Accordingly, in order to improve the reliability and print quality of an inkjet printhead, it is necessary to subject a surface of a printhead to an anti-wetting treatment. As a coating for the anti-wetting treatment, a metal such as gold (Au), palladium (Pd) or tantalum (Ta) has been typically used. However, such a metal having a contact angle of less than 90xc2x0 cannot be suitably used as a coating for an inkjet printhead that is required to have a high anti-wetting property.
In an effort to solve the above problems, it is a feature of an embodiment of the present invention to provide a bubble-jet type inkjet printhead having a hemispherical ink chamber and an anti-wetting film exhibiting good characteristics while satisfying general requirements of a printhead.

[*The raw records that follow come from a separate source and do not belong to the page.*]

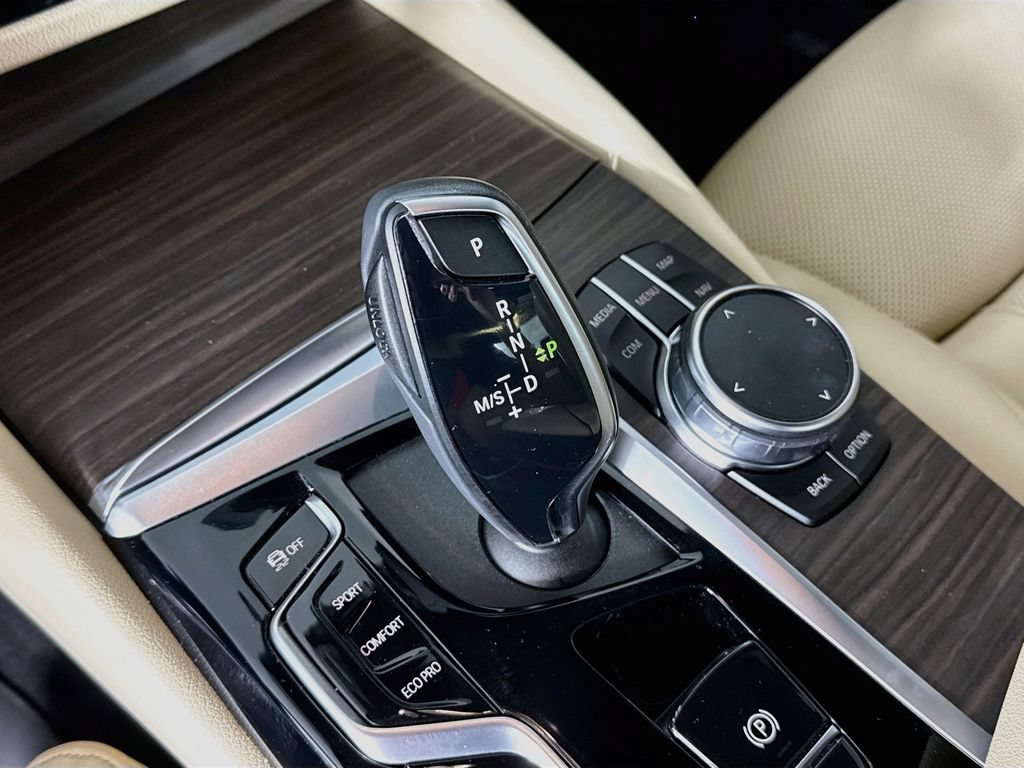 Used 2023 BMW 540i xDrive w/ Premium Package AWD/4WD image 21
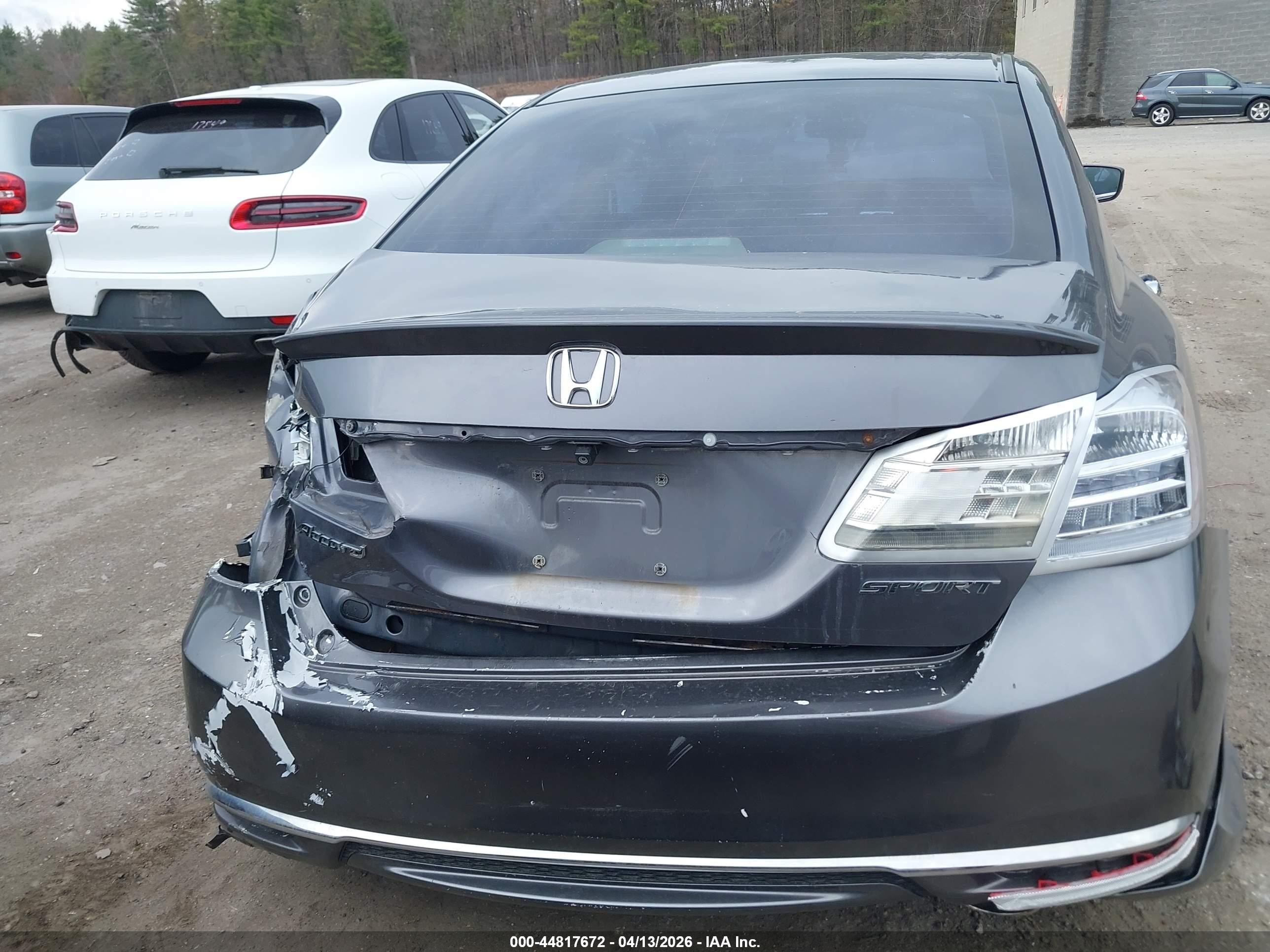 2015 Honda Accord Sport Gray vin: 1HGCR2F58FA125236
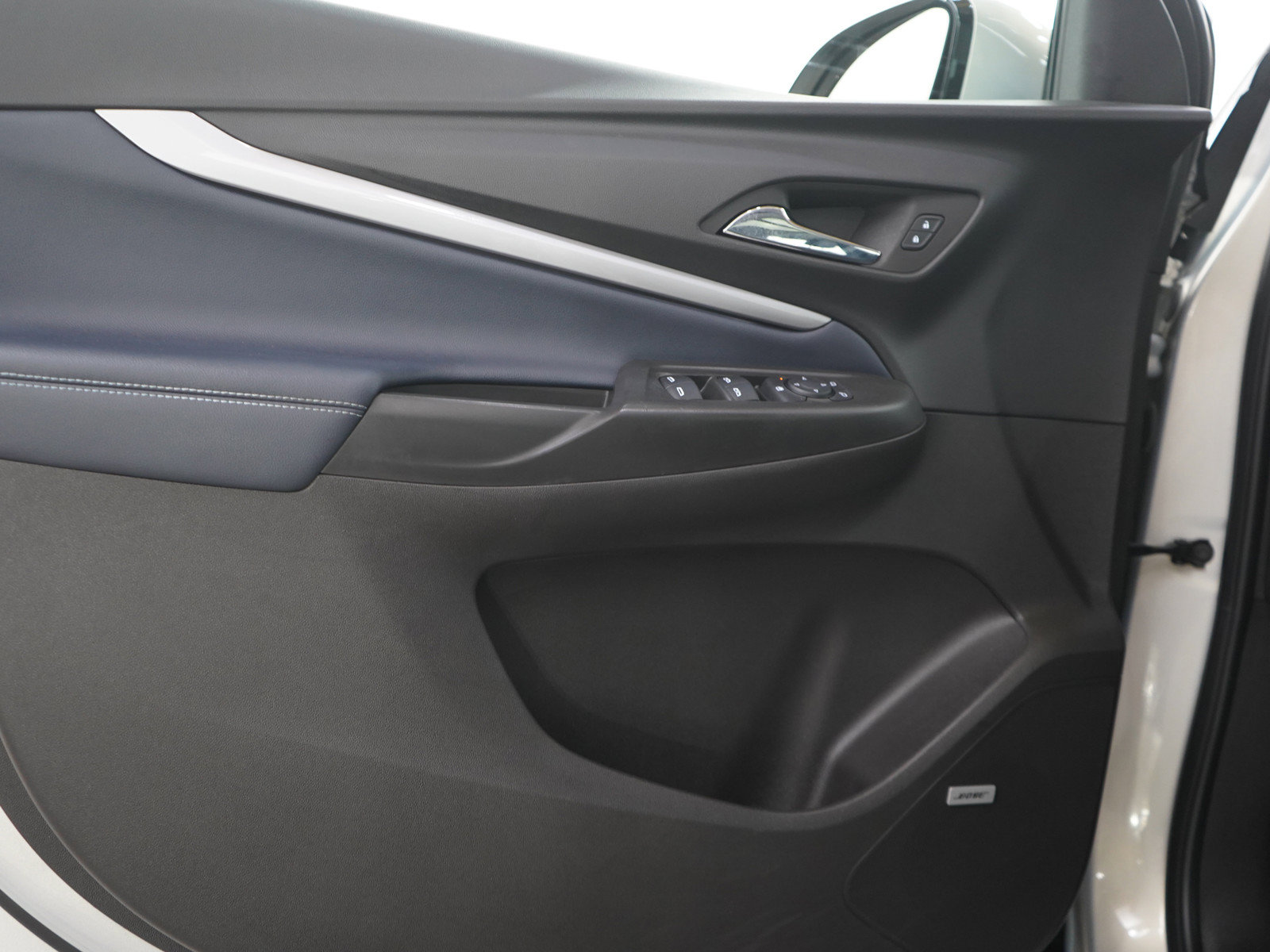Used 2022 Chevrolet Bolt EUV Premier w/ Sun & Sound Package FWD image 18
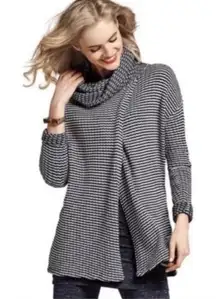 Cabi Sz S Fergie Sweater Turtleneck Black White Striped Pull Over Women’s #3167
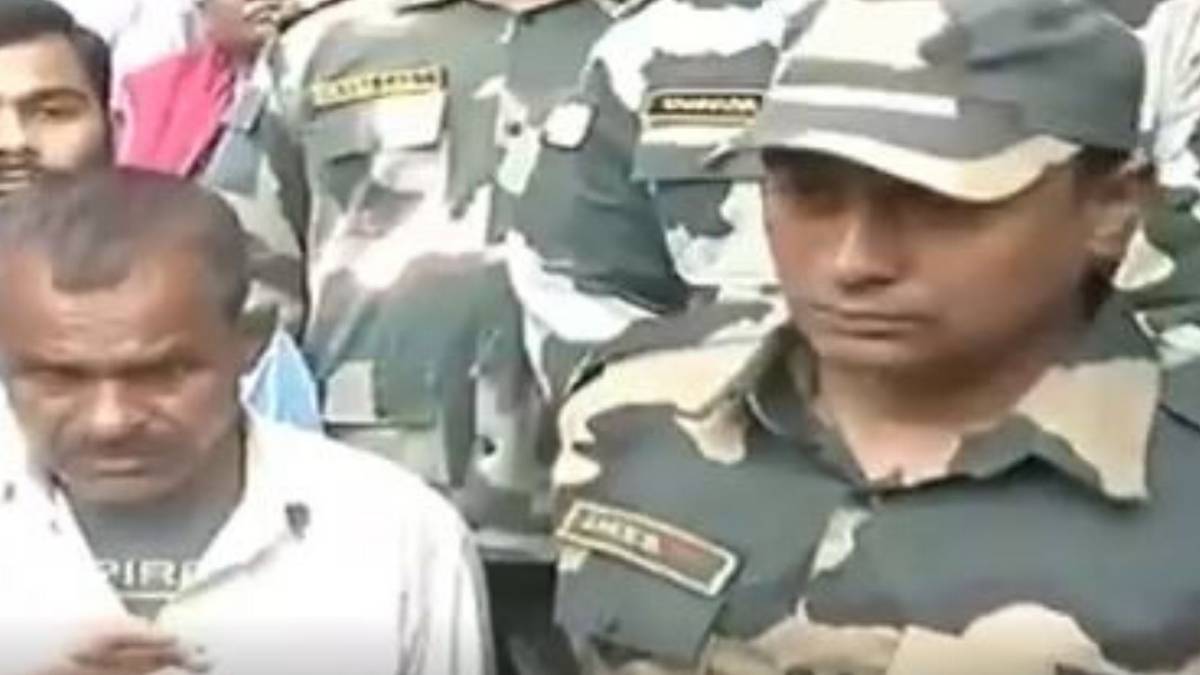 दिल्ली हिंसा में जला BSF मोहम्मद अनीस का घर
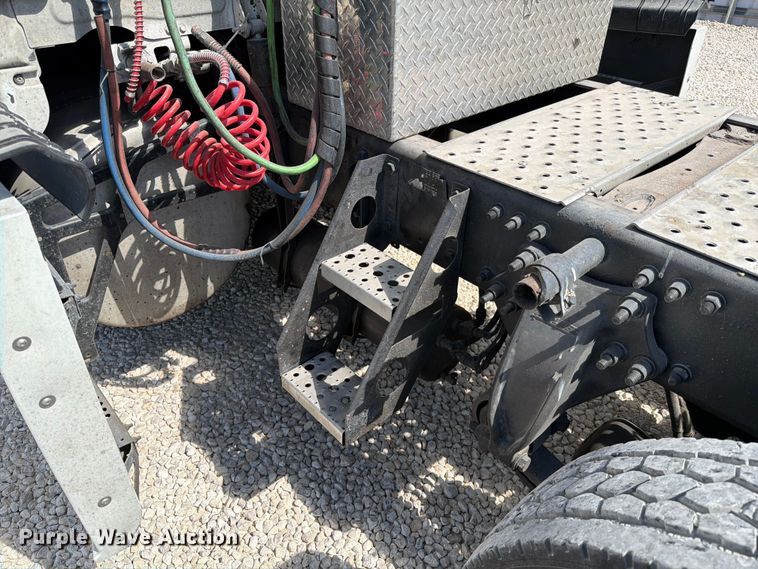 image for item YA1227 2016 Freightliner Cascadia semi truck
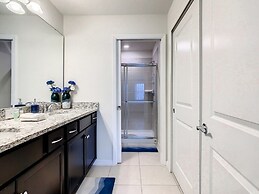 A Touch Of Blue At Windsor Island Resort 5 Bedroom Townhouse by Redawn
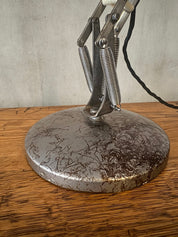 Model_90_Anglepoise_Table_Lamp_by_George_Carwardine_for_Herbert_Terry_&_Sons,_Britain,_1970s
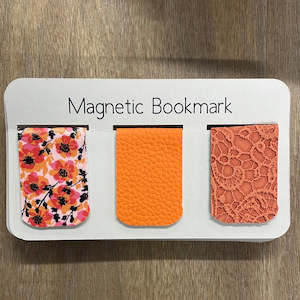 Books: Bookmarks - Magnetic - 3 Packs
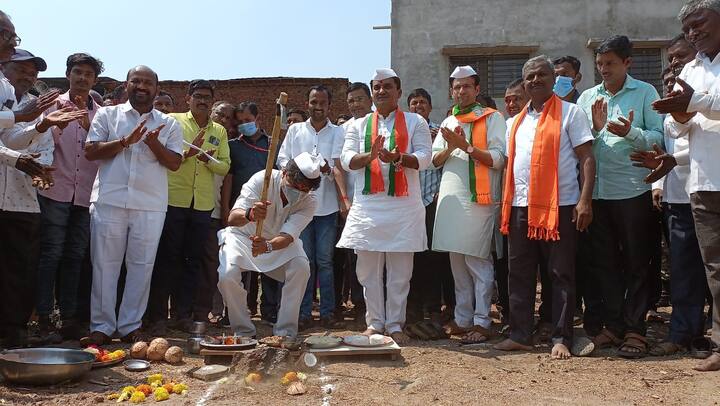 सरसेनापती प्रतापराव गुर्जरांसह सात वीरांच्या इतिहास, स्मृती-संग्रामातून देश कार्य करण्याची ऊर्जा मिळते, असे प्रतिपादन केंद्रीय मंत्री ज्योतिरादित्य शिंदे यांनी केले.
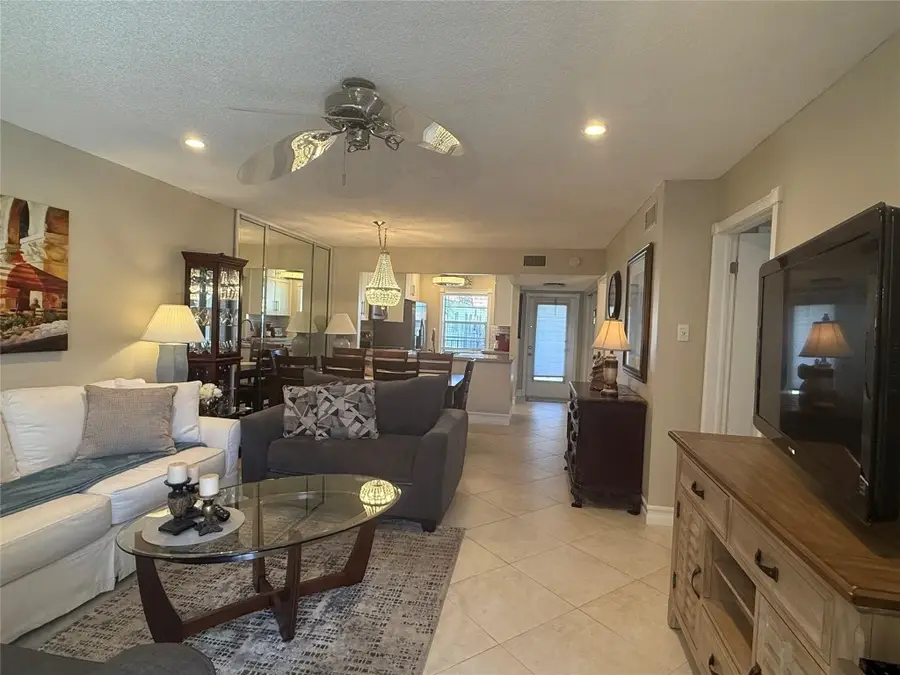 32 Abbey Lane #207, Delray Beach, FL 33446 - Image #3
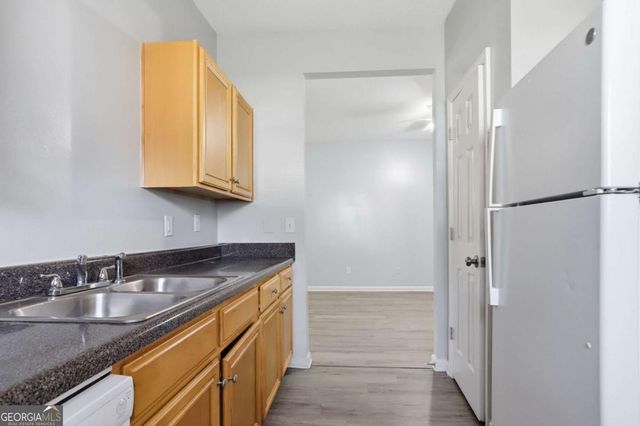 6530 Grey Fox Way, Riverdale, GA 30296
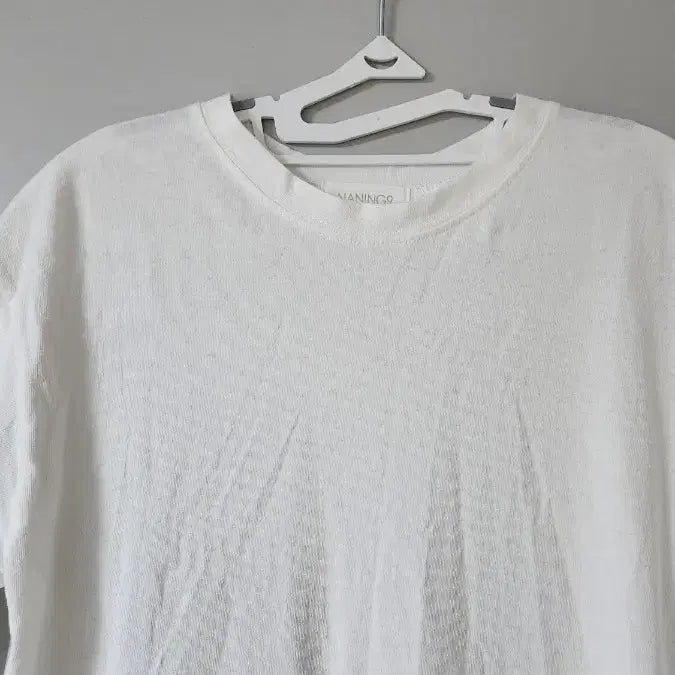 [BUNJANG] NANING9 White Ruffled Back T-Shirt Long Dress / NANING9 흰색 티셔츠 롱 원피스 뒤 프릴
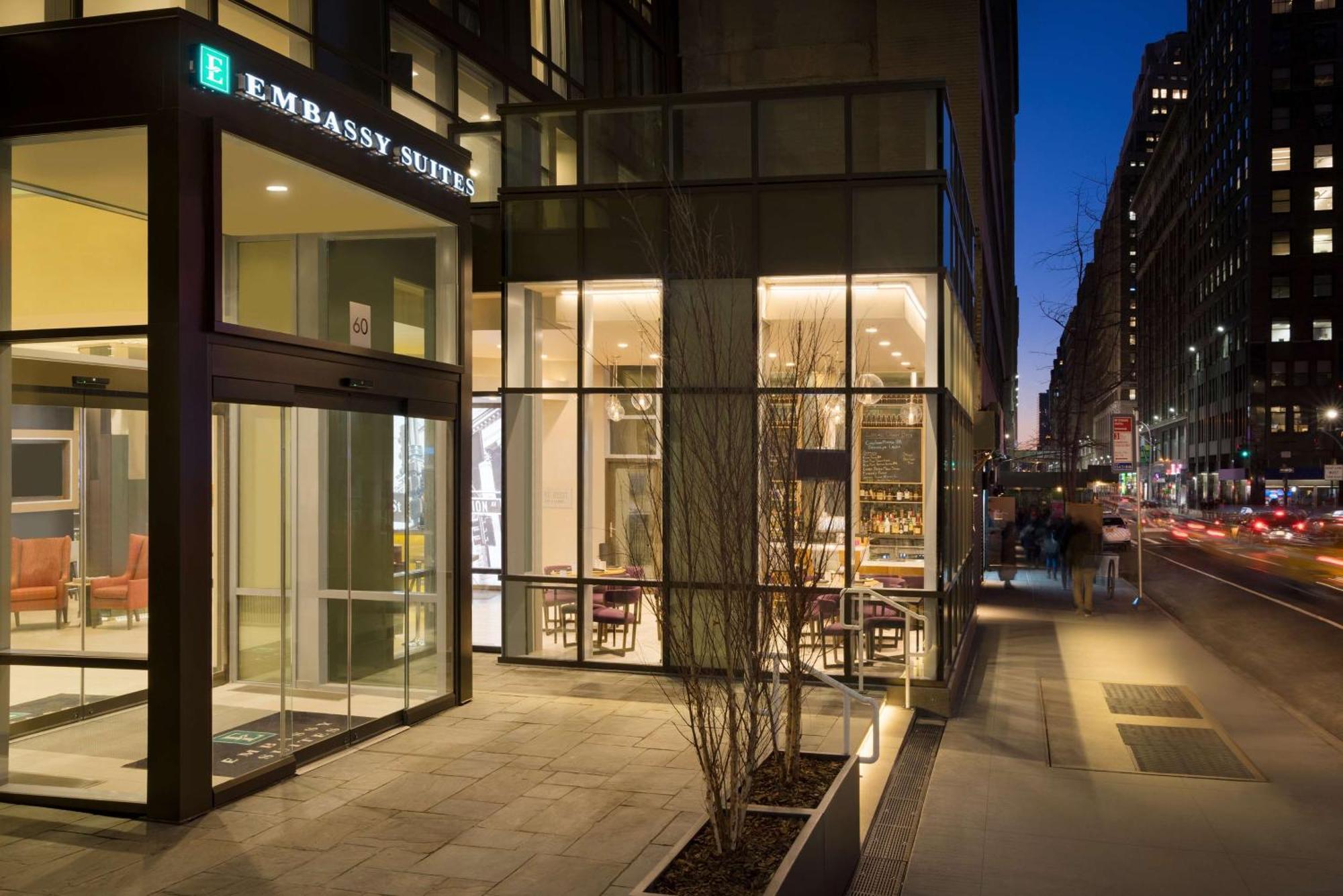 Embassy Suites By Hilton New York Manhattan Times Square Exteriér fotografie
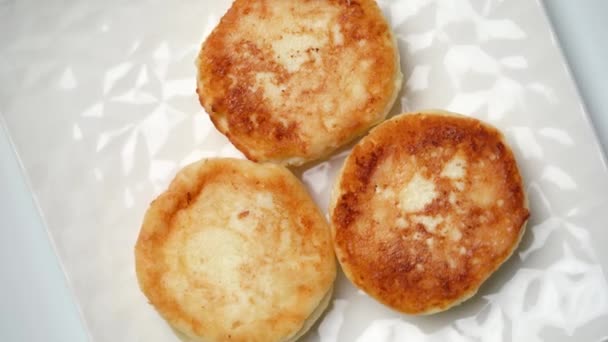 Três Deliciosas Panquecas Cheesecake Giram Prato Quadrado Vista Superior — Vídeo de Stock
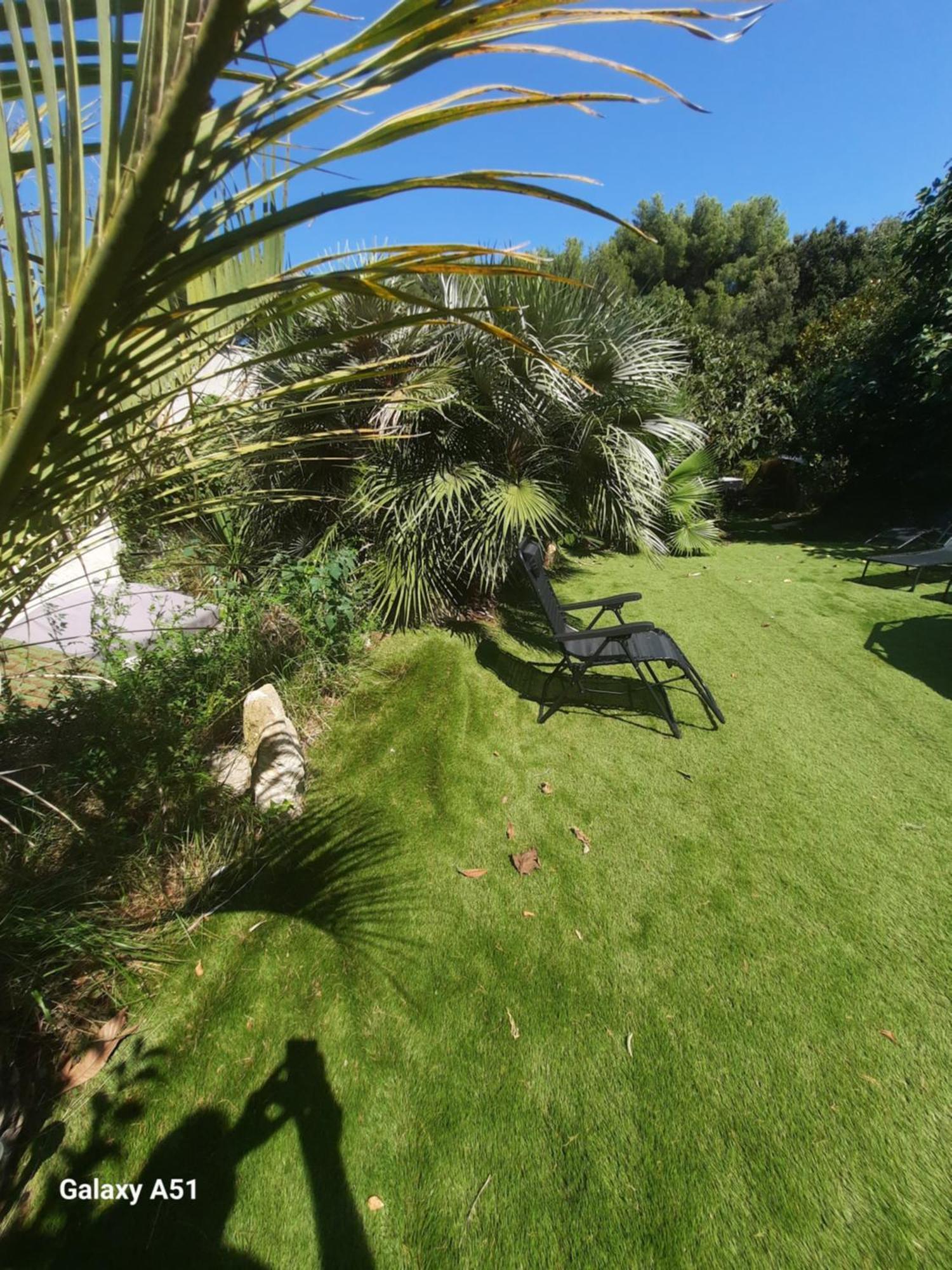 Bed & Breakfast La Palmeraie Istres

To provide the above feature, the present invention provides a bubble-jet type inkjet printhead including a substrate, in which a manifold for supplying ink, an ink chamber having a substantially hemispherical shape and filled with ink to be ejected, and an ink channel for supplying ink from the manifold to the ink chamber, are incorporated, a nozzle plate, formed on the substrate, having a nozzle, through which ink is ejected, the nozzle formed at a location corresponding to the center of the ink chamber, a heater provided on the nozzle plate and surrounding the nozzle, and electrodes provided on the nozzle plate and electrically connected to the heater to supply pulse current to the heater, wherein an anti-wetting coating including a perfluorinated alkene compound on at least a surface around the nozzle is formed on an exposed surface of the printhead.
Preferably, the perfluorinated alkene compound as an anti-wetting compound is perfluorobutene. Also preferably, the anti-wetting coating is deposited by RF glow discharge and can be removed by O2 plasma.
Since an anti-wetting film having a perfluorinated alkene compound provided on the outer surface around a nozzle has a relatively large contact angle, ink ejection can be made in a more stable manner and more accurately. Thus, the reliability and print quality of the inkjet printhead can be improved.
Additionally, an insulation layer may be preferably formed on the nozzle plate where the heater is formed, and the electrodes are preferably formed on the insulation layer. Further, a passivation layer is preferably formed over the electrodes and the insulation layer, and the anti-wetting coating is preferably formed on the passivation layer.
The manifold may be formed on a bottom side of the substrate, and the ink channel may be formed on a bottom of the ink chamber to be in flow communication with the manifold.
Further, a nozzle guide extending downward in the depth direction of the ink chamber may be formed at an edge of the nozzle.
The heater is preferably annular-shaped, with the electrodes connected to opposite locations of the heater on the diameter thereof. Alternatively, the heater may be formed in the shape of the Greek letter omega and the electrodes are connected to both ends of the heater.